Most notably, Nichols claims that “postal subsidies… helped to foster the abolitionist press,” and claims that this proves that “we can have a dissident, challenging—anti-government press, operating within a system of subsidies.”[12] But, again, there’s a bit of revisionist history at work here.  David Walker Howe, author of the magisterial history, What Hath God Wrought: The Transformation of America, 1815-1848, details the history of the Postal Service in the early Republic and its central importance (until the invention of the telegraph) as the country’s primary information distribution system.  Howe notes that the newspapers (and other printed matter) constituted the “overwhelming bulk of the mail” and his account suggests that subsidies undoubtedly played an important role in increasing readership of, and competition among, newspapers—including abolitionist newspapers.[13] But he also notes that the U.S. Postal Service effectively censored these publications in the South from the mid-1830s until secession a quarter-century later.[14] Howe notes that “The refusal of the Post Office to deliver abolitionist mail to the South may well represent the largest peacetime violation of civil liberty in U.S. history.”[15] He also suggests that censorship may have accelerated the radicalization of North against South, and accelerated the coming of war: “Deprived of access to communication with the South [by postal censorship], the abolitionists would henceforth concentrate on wining over the North.”[16]

Sadly, this kind of censorship became a distinctly illiberal American tradition.  In 1865, Congress banned sending obscene materials through the mails, apparently out of concern about adult novels being mailed to Federal troops at the front.[17] In the late 1800s, for example, Anthony Comstock, founder of the New York Society for the Suppression of Vice, used the mail system as the primary mechanism of his censorship crusades.  After successfully pushing Congress to pass an expanded obscenity law through Congress in 1873 that censored, among many other things, information about abortion and conception, Comstock was promptly appointed as a Post Office special agent and given the power “to seize publications and devices he considered immoral and to prosecute their senders.”[18] Later, in 1914, the Post Office began an ongoing crackdown on James Joyce’s Ulysses and any publication that had the temerity to even publish passages from the work.[19]

Postal system censorship was also ramped up during World War I after Congress passed the Espionage Act of 1917, which included provisions giving the Postmaster General power to impound publications he deemed seditious.  According to media historians Michael and Edwin Emery, authors of The Press and America: An Interpretive History of Mass Media, “some forty-four papers lost their mailing privileges during the first year of the Espionage Act and another thirty retained them only by agreeing to print nothing more concerning the war.”[20] They note that: “The axe fell most heavily on Socialist organs and German-language newspapers; a few other pacifist or anti-Ally publications also lost their mail privileges.  The American Socialist was banned from the mails immediately and was soon followed by Solidarity, the journal of the left-wing Industrial Workers of the World.”[21] It wasn’t until 1946 that the Supreme Court finally began to constrain the Post Office’s censorial ways after it denied second-class mailing privileges to Esquire because it supposedly featured “morally improper” content.[22]

Of course, the worst of the Postal Service’s censorial days are likely well behind us—especially since courts today probably wouldn’t tolerate such blatant violations of the First Amendment.   Nonetheless, a significant ramping-up of postal subsidies for the press creates new potential pressure points for policymakers to exploit, even if in marginal, indirect ways.  Policymakers, in turn, will likely feel increased pressure from vocal constituents because, the more substantial the subsidy becomes, the more obvious it will be to taxpayers that they are paying for the cost of supporting media they may find objectionable, either because of its particular viewpoint or its content.
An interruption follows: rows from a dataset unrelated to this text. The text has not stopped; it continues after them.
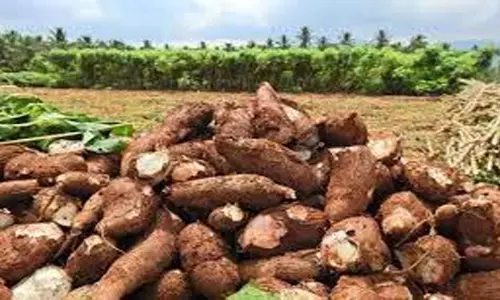 பரமத்திவேலூர் வட்டாரத்தில் மரவள்ளி கிழங்கின் விலை டன் ஒன்றுக்கு ரூ. 1000-க்கு சரிவு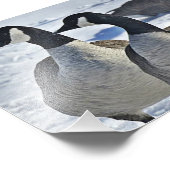 Impression Photo Oies canadiennes en hiver (Coin)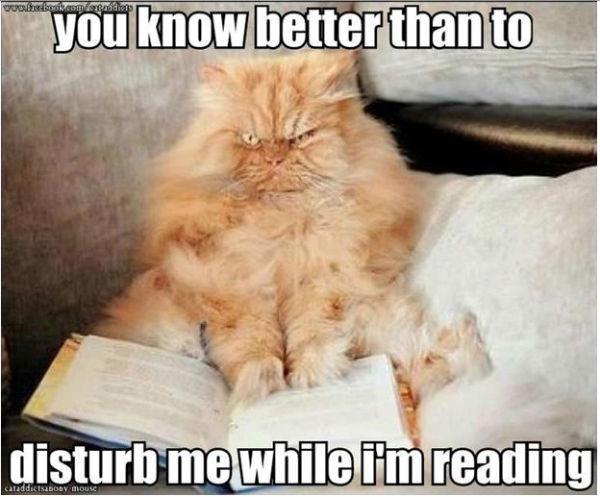 http://cdn.idntimes.com/content-images/post/old/42968-Buku1_dumpadaycom.jpg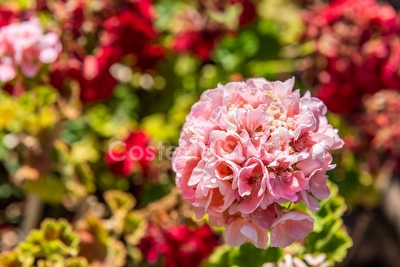 Villa esclusiva con piscina e pineta privata Torre San Giovanni - Foto 24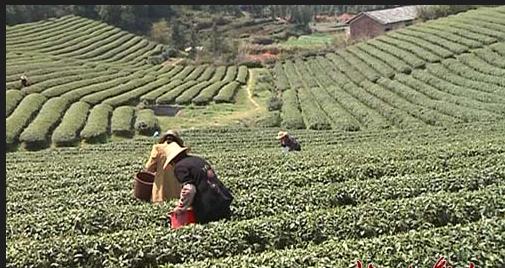 普洱茶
As Thomas Jefferson famously put it in the 1786 Virginia Act for Establishing Religious Freedom, “to compel a man to furnish contributions of money for the propagation of opinions which he disbelieves, is sinful and tyrannical.”[23] That is, we naturally—and rightly—resent subsidizing speech that is antithetical to our own values.[24]

Why Subsidize the Distribution System of the Past?
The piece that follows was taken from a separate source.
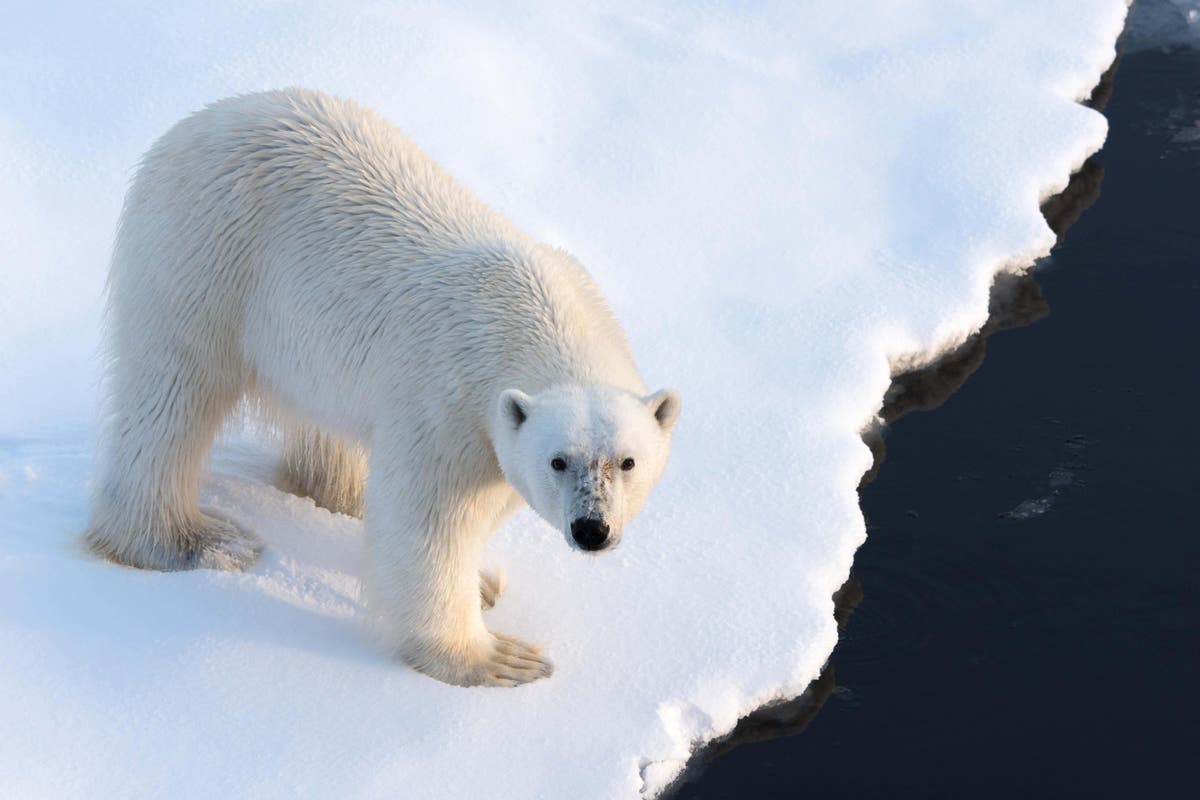 Polar bear attacks woman on her driveway, husband ‘leaps on top’ to save her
Finally, why we would want to subsidize this old form of distribution anyway?  Electronic media is clearly the way of the future.  There’s a reason science fiction movies never show someone going out to pick up the morning newspaper in the year 2200.  In addition to subsidizing newspaper delivery in the early days of the Post Office, between 1785 and 1845 the postal system was used to subsidize stagecoach travel and routes, even though it was more expensive and less efficient than using single riders to deliver the mail.  The hope was to encourage the development of stage lines and to thereby ease interstate travel for regular citizens.  Perhaps there was something to be said for that idea then, or for using postal contracts to promote the development of canals or railroads or aviation, at least these subsidies were intended to accelerate the development and adoption of emerging technologies, not waning ones.  We would laugh today if someone told us the Postal Service should be subsidizing stagecoach travel—or any other form of transportation, for that matter.  So why isn’t it considered just as laughable to say that the Post Office should be subsidizing media printed on dead trees that need to be physically shuttled around the country and then disposed of?  Why incur the additional “carbon footprint” of all that unnecessary rearranging and moving of atoms when we can just deal with bits?
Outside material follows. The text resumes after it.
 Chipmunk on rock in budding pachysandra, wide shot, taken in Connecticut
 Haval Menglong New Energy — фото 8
This is 2010, not 1910.  It’s time to begin letting go of our old, inefficient physical systems for distributing information, and recognize that, in the Digital Era, communications and transportation have finally separated.  Even U.S. Postmaster General John Potter has noted that his organization’s business model is as outdated as the newspaper industry’s:

“Twenty years ago we would laugh at the notion that a newspaper would ever embrace the idea that maybe the channel of the future is electronic and that you may have to change your business model,” Potter told a group of reporters at a breakfast sponsored by the Christian Science Monitor.  He added, “Likewise, the postal service is in a situation where the behavior of America is changing and we have to fix and change our business model to adapt to it.”[25]

At some point in the future, newspapers will probably gradually die out, but the news companies that print them and their emerging competitors will continue to produce journalism.  The only difference is that they will distribute their information products over the Internet to screens (and speakers and headphones) on a wide variety of devices yet to be invented.  Increasing postal subsidies merely—and quite literally—“paper over” the fundamental problem faced by traditional print media of dealing with this technological transition.


[1] Adam Thierer & Berin Szoka, The Progress & Freedom Foundation, The Wrong Way to Reinvent Media, Part 1: Taxes on Consumer Electronics, Mobile Phones & Broadband, PFF Progress on Point 17.1, March 2010, www.pff.org/issues-pubs/pops/2010/pop17.1-the_wrong_way_to_reinvent_media.pdf; Adam Thierer, The Progress & Freedom Foundation, The Wrong Way to Reinvent Media, Part 2: Broadcast Spectrum Taxes to Subsidize Public Media, PFF Progress on Point 17.2, March 2010, www.pff.org/issues-pubs/pops/2010/pop17.2-wrong_way_part_2.pdf.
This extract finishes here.